PostgreSQL – Using COPY Command to stdout and Reading from stdin

copypostgresqlpsql

When transferring data between two databases, I would like to know if there is any disadvantages in the following approach:

psql -h [HOST1] -U postgres -d [DB1] -c [SQL1] | psql -h [HOST2]  -d [DB2] -U postgres -c [SQL2]

where

[SQL1]="\copy (SELECT [FIELDS_SUBSET] FROM [TABLE_NAME]) TO STDOUT"

[SQL2]="\copy [NEW_TABLE_NAME]( [FIELDS_SUBSET] ) FROM STDIN"

Basically, I extract some data from DB1 to stdout and then I immediately read it from stdin in order to import this data into DB2. Both databases are in different networks. This approach removes the need of an intermediate file.

In this context, I would like to know if this strategy has any drawbacks if compared to using intermediate files. For instance, is this approach suitable for transfering large volumes of data (GBs of data)?

Also, by using COPY with STDIN and STDOUT, do I still have to worry about the COPY command caveats? (Reference)

Best Answer

The drawback is that if the operation fails part way through due to network hiccup, a reboot of HOST1, or something like that, you've done a lot of work on DB2 that needs to be rolled back and repeated. This can blow up your WAL archive, and can lead to table bloat if you don't vacuum the table in DB2 before repeating the operation. I'd spool it to a local-storage file on HOST2 first, unless I had a good reason not to.

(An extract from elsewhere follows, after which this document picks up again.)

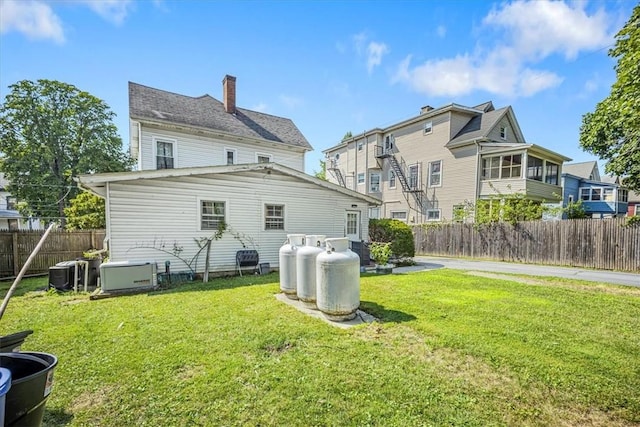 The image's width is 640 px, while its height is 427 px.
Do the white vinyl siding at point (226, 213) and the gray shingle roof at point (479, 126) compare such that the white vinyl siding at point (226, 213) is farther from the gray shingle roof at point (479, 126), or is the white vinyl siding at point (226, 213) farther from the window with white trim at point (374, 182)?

Most of the caveats you link to are about PostgreSQL interpreting the data format in a different way than Excel, Python, Perl, human beings, etc. might interpret it. Going PostgreSQL to PostgreSQL (either with a pipe or using a file intermediate) eliminates most of those caveats, assuming you choose the same options to \copy on each end and have the same table structure. The caveats about performance and foreign keys, however, remain.